◆ Data for processing
-=-=-=-=-
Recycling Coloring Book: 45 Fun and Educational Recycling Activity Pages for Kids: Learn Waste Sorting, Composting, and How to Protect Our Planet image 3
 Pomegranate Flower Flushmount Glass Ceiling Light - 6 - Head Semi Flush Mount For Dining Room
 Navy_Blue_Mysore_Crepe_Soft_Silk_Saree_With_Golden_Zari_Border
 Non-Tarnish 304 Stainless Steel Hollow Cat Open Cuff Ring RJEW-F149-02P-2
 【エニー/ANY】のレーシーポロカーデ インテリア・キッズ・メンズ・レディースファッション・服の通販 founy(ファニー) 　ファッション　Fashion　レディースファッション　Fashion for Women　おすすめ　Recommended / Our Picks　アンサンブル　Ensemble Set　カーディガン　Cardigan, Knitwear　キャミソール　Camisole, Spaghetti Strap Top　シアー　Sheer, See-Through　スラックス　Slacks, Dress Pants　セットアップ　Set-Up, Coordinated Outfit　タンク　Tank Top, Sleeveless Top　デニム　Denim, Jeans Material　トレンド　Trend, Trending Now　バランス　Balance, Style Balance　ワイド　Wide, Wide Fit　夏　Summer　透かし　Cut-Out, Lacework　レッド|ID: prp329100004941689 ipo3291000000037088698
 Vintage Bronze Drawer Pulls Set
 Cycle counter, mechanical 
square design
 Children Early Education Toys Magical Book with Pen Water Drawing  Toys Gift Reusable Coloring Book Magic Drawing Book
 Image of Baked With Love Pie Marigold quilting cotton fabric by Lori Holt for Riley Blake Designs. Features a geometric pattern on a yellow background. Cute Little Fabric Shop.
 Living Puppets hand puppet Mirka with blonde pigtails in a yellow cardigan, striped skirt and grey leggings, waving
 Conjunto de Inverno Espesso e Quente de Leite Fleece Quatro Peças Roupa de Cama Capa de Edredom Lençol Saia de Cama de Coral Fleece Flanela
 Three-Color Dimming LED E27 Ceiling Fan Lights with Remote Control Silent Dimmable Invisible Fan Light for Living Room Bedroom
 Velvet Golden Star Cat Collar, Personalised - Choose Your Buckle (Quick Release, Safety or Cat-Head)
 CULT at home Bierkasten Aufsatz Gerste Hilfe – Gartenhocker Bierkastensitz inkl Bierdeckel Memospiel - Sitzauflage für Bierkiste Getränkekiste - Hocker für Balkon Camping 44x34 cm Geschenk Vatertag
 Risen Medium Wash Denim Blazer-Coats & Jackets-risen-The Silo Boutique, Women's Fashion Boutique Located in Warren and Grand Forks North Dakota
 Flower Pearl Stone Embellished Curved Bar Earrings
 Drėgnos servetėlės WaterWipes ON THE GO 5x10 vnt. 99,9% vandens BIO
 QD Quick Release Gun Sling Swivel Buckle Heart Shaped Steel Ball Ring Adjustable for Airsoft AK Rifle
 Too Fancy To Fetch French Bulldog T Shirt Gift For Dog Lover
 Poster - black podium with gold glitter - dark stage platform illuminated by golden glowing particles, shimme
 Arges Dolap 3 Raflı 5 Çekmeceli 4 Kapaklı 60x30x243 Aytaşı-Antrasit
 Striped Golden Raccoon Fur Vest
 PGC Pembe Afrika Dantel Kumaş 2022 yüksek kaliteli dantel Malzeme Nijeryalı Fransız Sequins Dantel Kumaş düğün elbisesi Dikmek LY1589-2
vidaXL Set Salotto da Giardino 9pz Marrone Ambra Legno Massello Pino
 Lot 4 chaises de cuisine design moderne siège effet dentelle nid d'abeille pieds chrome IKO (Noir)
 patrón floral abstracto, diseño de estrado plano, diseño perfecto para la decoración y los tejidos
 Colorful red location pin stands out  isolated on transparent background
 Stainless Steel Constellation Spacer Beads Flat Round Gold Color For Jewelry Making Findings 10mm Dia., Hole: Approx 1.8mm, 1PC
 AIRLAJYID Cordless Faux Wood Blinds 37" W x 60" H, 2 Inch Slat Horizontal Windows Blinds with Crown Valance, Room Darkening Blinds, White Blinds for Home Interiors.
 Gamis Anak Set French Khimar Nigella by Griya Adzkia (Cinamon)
-=-=-=-=-
◆ Work to be completed
Lines holding the word "French": say how many there are in the data, and nothing more.

◆ Answer to this exercise
2